Relevant “Code”: The terms Computer Code and Source Code that will be the subject of disclosures refer to the following:
Computer code means a set of instructions, rules, or routines recorded in a form that is capable of causing a computer to perform a specific operation or series of operations. It includes both source code and object code.
Source code means any collection of code, with or without comments, written using a human-readable programming language, usually as plain text. This code is later translated into machine language by a compiler. The translated code is referred to as object code.
Flow-Down Obligations: The proposed clause requires prime contractors to flow-down its terms as part of any subcontracts or other contractual instruments for products, services, or systems. It also directs prime contractors to require that subcontractors at every tier complete all of the specified disclosures prior to the award of any subcontract.
Substantial Prohibition: The DoD contemplates an explicit prohibition on any awards or exercises of options and extensions to contractors who do not make the necessary disclosures. But notably, at least at the proposed stage, the prohibition does not extend to contractors that have similar challenges with certifications at the subcontractor level. It also explicitly excludes any open source software from the prohibitions either way.
Uncertain Additional Steps May be Required Depending on Disclosures: The rule does not offer much clarity regarding the impact that any releases of code to foreign governments may have. Instead, it notes only that contracting officers shall follow agency procedures, as applicable, in the event that the program office notifies the contracting officer that additional steps must be taken prior to award based on the information disclosed. However, given that the DoD has recently broadened the applicability of Foreign Ownership, Control, or Influence (FOCI) Mitigation requirements for the first time beyond entities with access to classified information in an update to the DoD Instruction 5205.87, perhaps FOCI Mitigation steps are some of those potential outcomes.
Extends Even to Prior Disclosures: It is notable that the proposed rule would require such disclosures about releases of code that precede even its eventual effective date, which still awaits the final rule. The fact that the proposed clause and provision contemplate requiring such disclosures about releases dating back to Aug. 13, 2013, may suggest that the industry will see some challenges on that basis. Other laws imposing effects for conduct retroactively have certainly faced such challenges in the past.
No Carve-Outs for Foreign-Owned Contractors or Small Businesses: The DoD does not provide any special exceptions for foreign-owned entities.

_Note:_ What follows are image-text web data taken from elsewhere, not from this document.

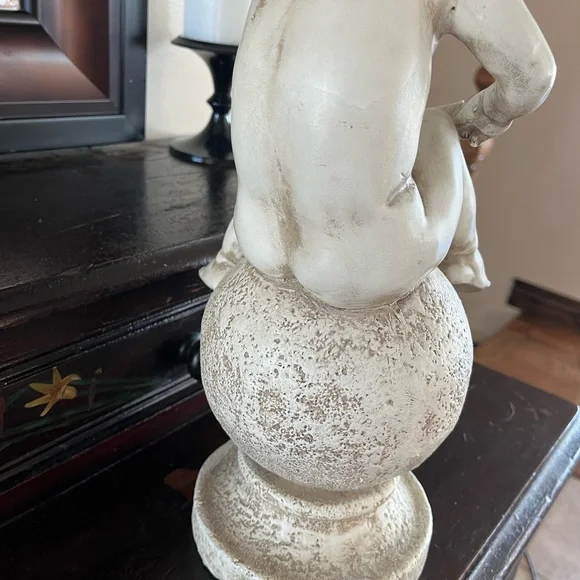 Resin angel statue on a ball 14 1/2 tall 8” wide cream colored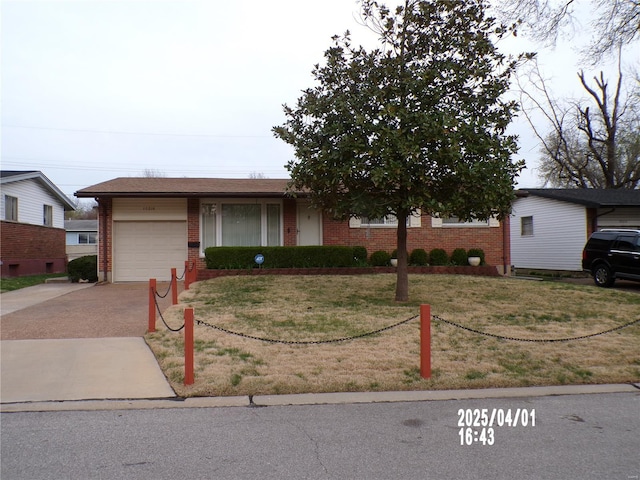 single story home with brick siding, a garage, driveway, and a front yard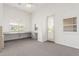 Bright bonus room with built-in desk and shutters on the windows at 3001 E Winchcomb Dr, Phoenix, AZ 85032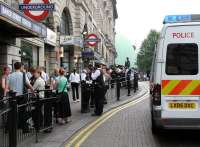Heavy police presence in and around Baker Street Underground station on Friday 22 July 2005, the day after the failed London bombing attempts. Meanwhile the tall gentleman standing in the background outside number 221b puffs on his pipe and quietly ponders the situation.<br><br>[John Furnevel 22/07/2005]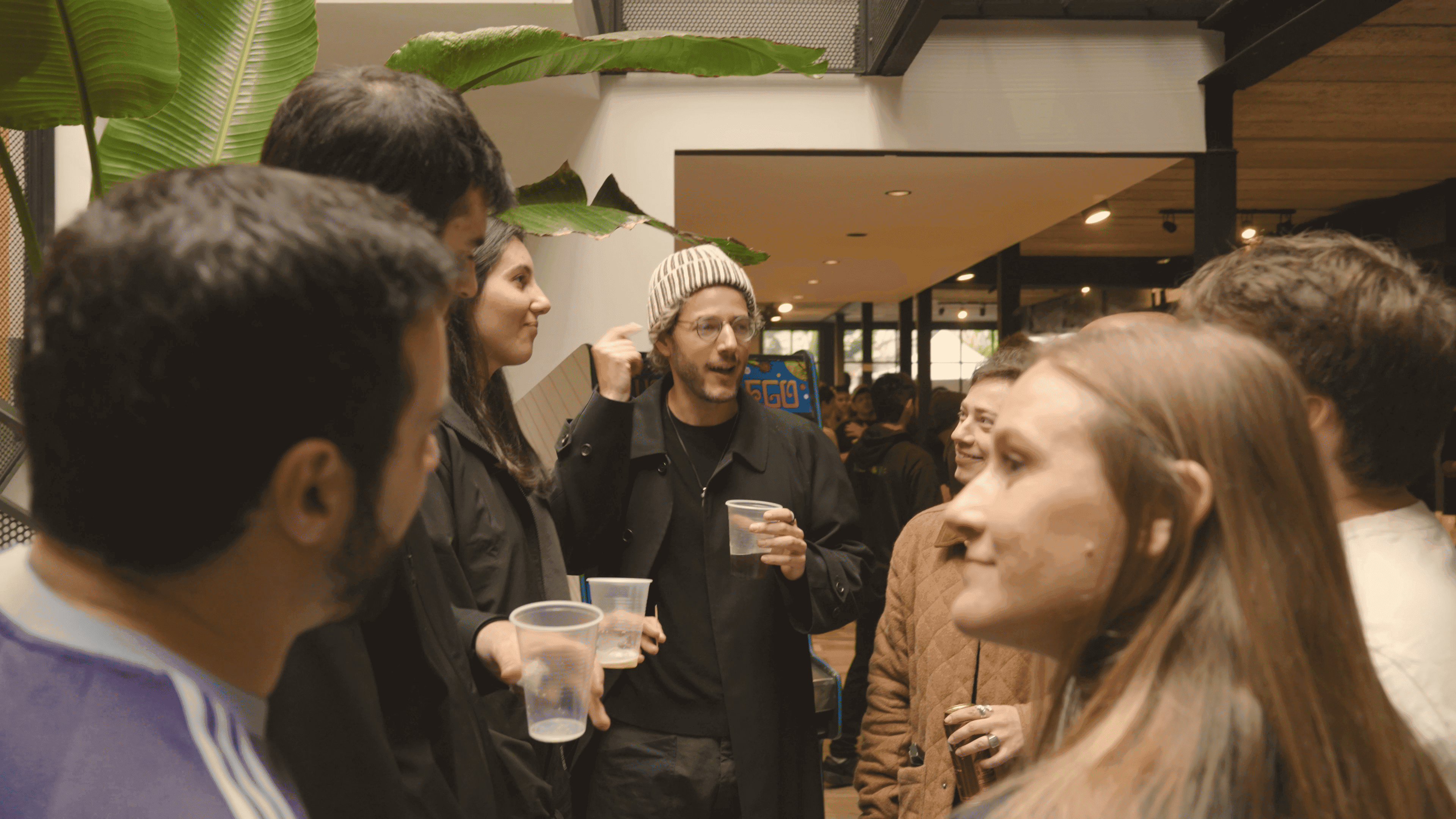 Opencode team members talking during their Buenos Aires visit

In fact, the clause that is part of the rule includes language that would even require entities to disclose releases of code to a “foreign person” or “foreign government.” Since the rule did not include any definition of a “foreign person” for the purposes of this requirement, the DoD could certainly interpret that reference as broad enough to encompass both natural persons and other entities. The DoD makes no exceptions for small businesses either. However, it invites comments from small business concerns regarding the impact that this proposed rule may have on them.

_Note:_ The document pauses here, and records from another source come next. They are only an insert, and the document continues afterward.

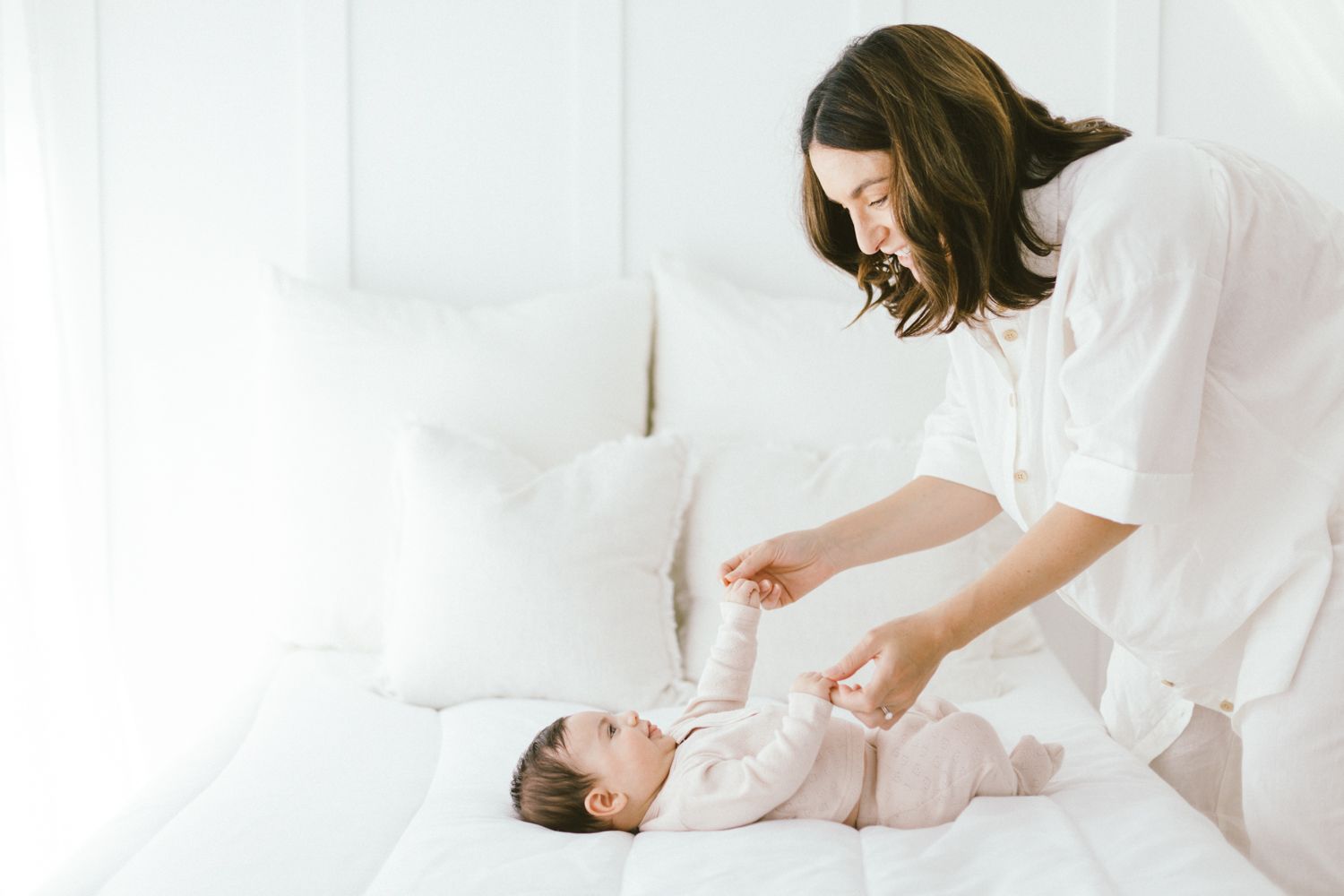 Caregiver in white tending to baby dressed in light beige on white bed.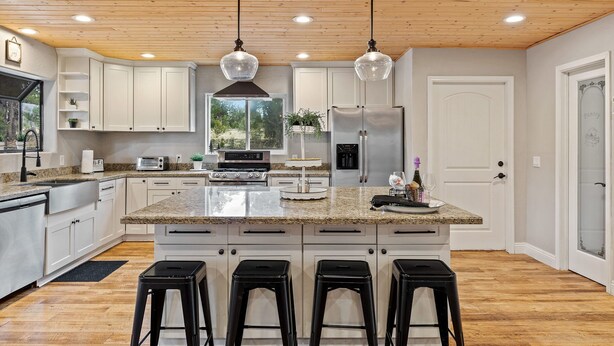 A modern kitchen with white cabinets, granite countertops, a central island with bar stools, stainless steel appliances, and pendant lighting. - 4 Bedrooms, Sleeps 16, Hot Tub, Games, Tesla Charger, Smart TV's,  MORE! (Heber)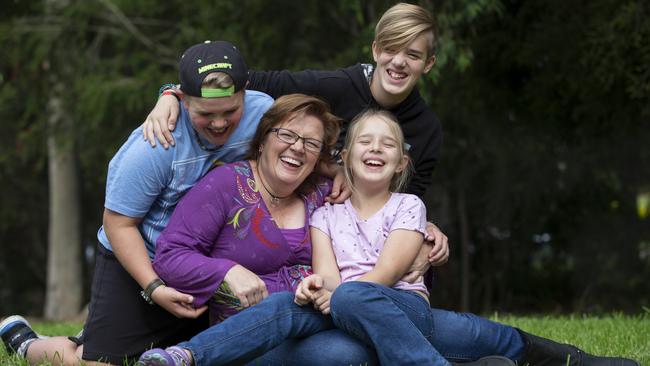 Deaf mum Karina Elliott, 49, with her kids Jared, 11, Jonah, 12, and Naomi, 9, has taken out NSW Mother of the Year. Picture: Justin Lloyd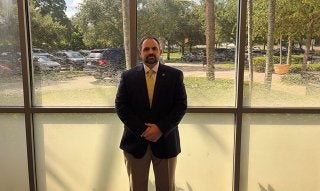 dave santos in professional attire standing in front of a window.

Requirements for Post-Award Disclosures and Mitigation: Disclosing entities must ensure that any representations are current, accurate, and complete for the life of the contract. Under the proposed clause, however, if a disclosing entity identifies any information requiring disclosure during contract performance or learns of such information from a subcontractor or another source, the disclosing entity must not only update its disclosures but also disclose any mitigation measures taken or anticipated.
Takeaways
This rule is still in the proposed stage. However, at the least, it promises some new concerns for contractors to keep in mind when figuring out how to treat source and computer code that may end up going to the DoD. The lack of any clarity regarding the type of “foreign persons” that contractors must disclose, for example, alone is worth some attention. While a lot may still change between now and the final rule, companies in the affected industries would certainly benefit even from just (1) identifying the current contractual arrangements that they have with foreign governments that may fall under the requirements of this disclosure and (2) assessing the scope of those arrangements. As with other proposed rules, contractors should also make sure that their agreements with teaming partners and subcontractors are in the state necessary to ensure compliance with these requirements if and when they become final.
[1] The National Defense Authorization Act (NDAA) for fiscal year 2019, which serves as the origin of this proposed rule, was signed into law on Aug.13, 2018, and included a five-year lookback period for the required disclosures.